VII. Educação, segurança e complexidade

“A reforma do ensino deve conduzir à reforma do pensamento, e a reforma do pensamento deve conduzir à reforma do ensino.”— Edgar Morin, A inteligência da complexidade (Peirópolis, 2000)

Morin ensina que educar é reformar o pensamento. A segurança pública, por sua vez, exige essa mesma reforma: compreender a vida social como sistema interligado, onde a violência, a desigualdade e a impunidade são partes de um todo que precisa ser pensado em rede. Reduzir o problema a “bandido versus polícia” é empobrecer o pensamento; entendê-lo como fenômeno cultural, econômico e psicológico é exercitar a inteligência da complexidade.


VIII. Conclusão: quando a redação vira política pública


O tema “Segurança Pública no Brasil” não seria apenas oportuno, mas pedagogicamente transformador. A prova, mais do que avaliar, passaria a coletar a inteligência moral do país. Em vez de apenas corrigir erros, o Estado aprenderia com as palavras de seus jovens.

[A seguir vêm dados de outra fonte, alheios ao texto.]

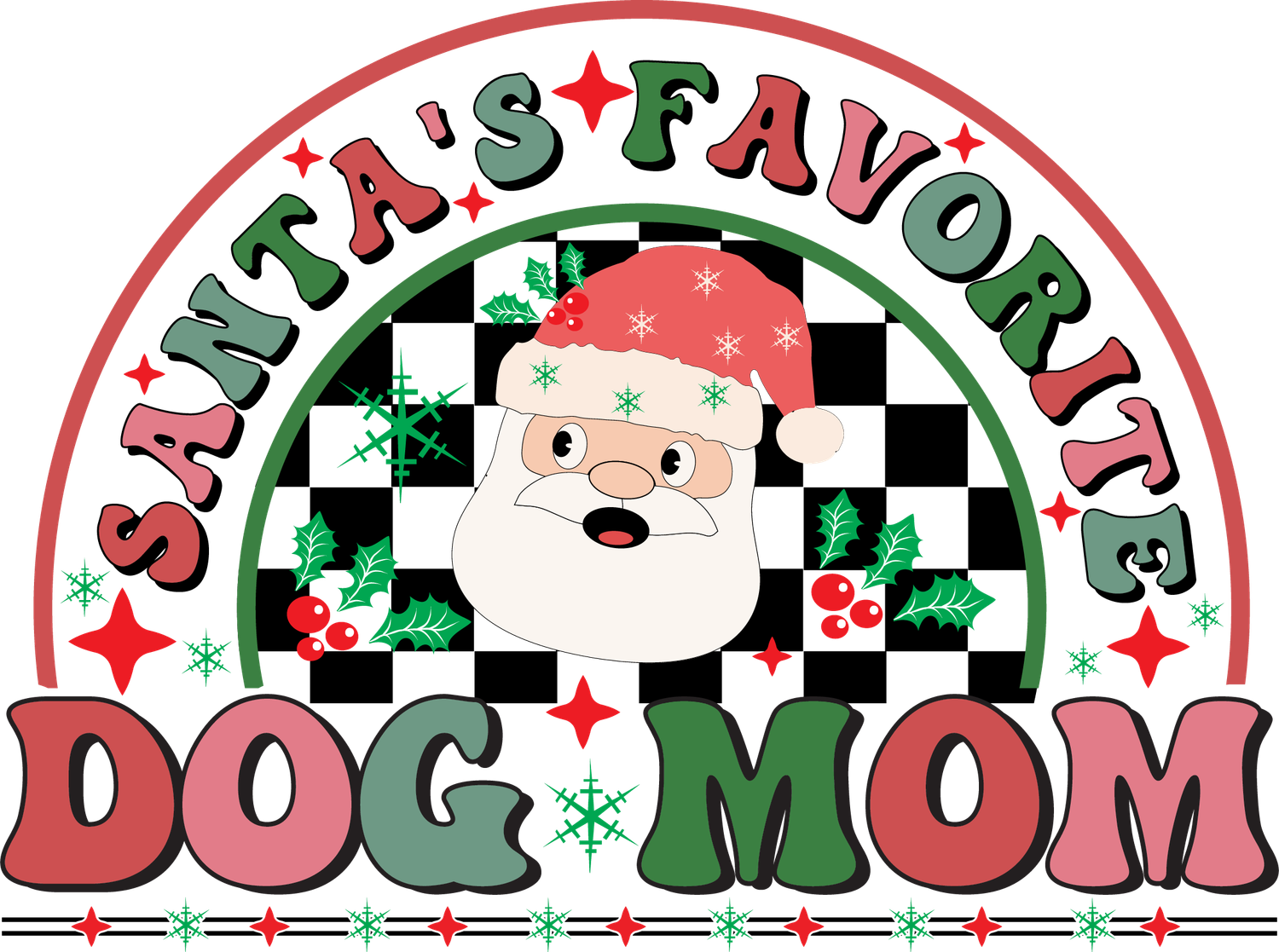 Santa&#39;s Favorite Dog Mom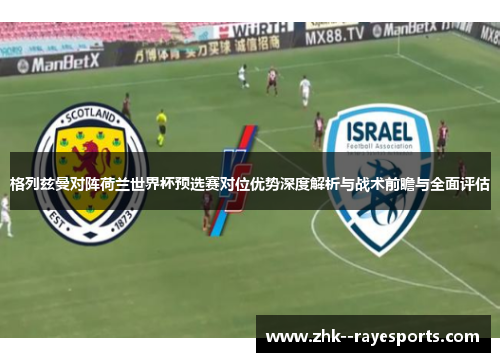 格列兹曼对阵荷兰世界杯预选赛对位优势深度解析与战术前瞻与全面评估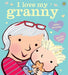 I Love My Granny Popular Titles Hachette Children's Group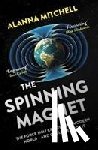 Mitchell, Alanna - The Spinning Magnet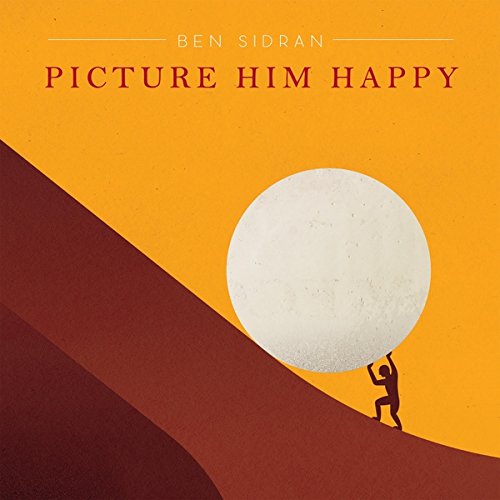 Ben Sidran - Picture Him Happy - Zortam Music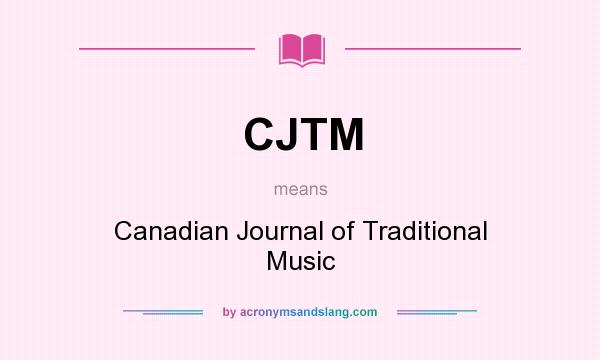 What does CJTM mean? It stands for Canadian Journal of Traditional Music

“A complexidade não é a chave do mundo, mas o desafio a enfrentar.”— Edgar Morin, Introdução ao pensamento complexo (Sulina, 2015)

Bibliografia


BRASIL. Cartilha do(a) Participante: Redação do Enem 2025. Brasília: Inep/MEC, 2025.

FREIRE, Paulo. A importância do ato de ler. São Paulo: Paz e Terra, 2019.

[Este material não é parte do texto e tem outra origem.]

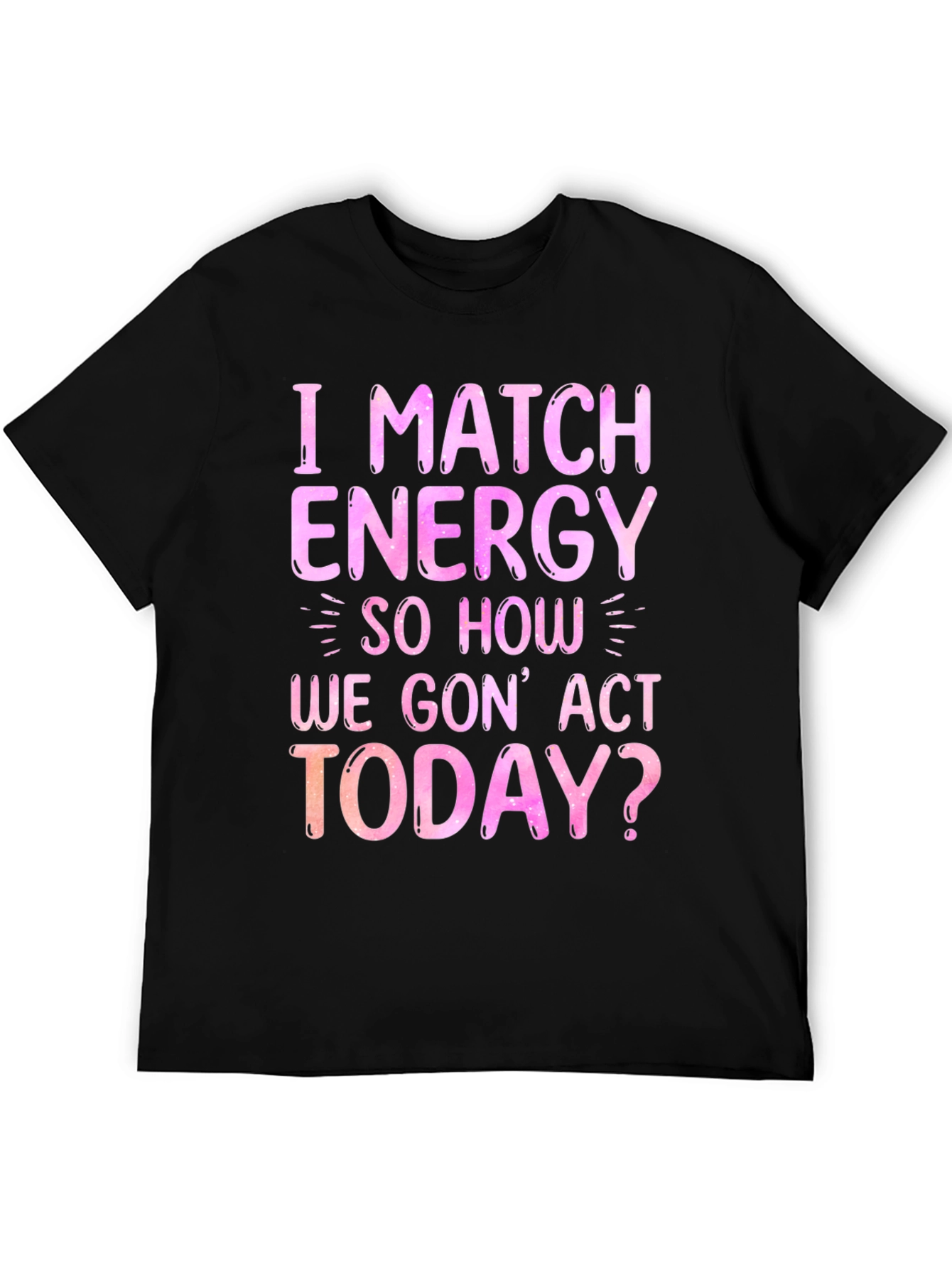 Black I Match Energy Graphic T-Shirt - Trendy Slogan Tee view 5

FÓRUM BRASILEIRO DE SEGURANÇA PÚBLICA. Anuário Brasileiro de Segurança Pública 2025. São Paulo: FBSP, 2025.

HIRATA, Daniel. Relatório do Grupo de Estudos dos Novos Ilegalismos da UFF. Niterói: Universidade Federal Fluminense, 2025.

MORIN, Edgar. Introdução ao pensamento complexo. Porto Alegre: Sulina, 2015.

MORIN, Edgar. A inteligência da complexidade. São Paulo: Peirópolis, 2011.

MORIN, Edgar. Os sete saberes necessários à educação do futuro. Brasília: UNESCO, 2015.

ONU. Declaração Universal dos Direitos Humanos (1948). Nova York: ONU, 2015.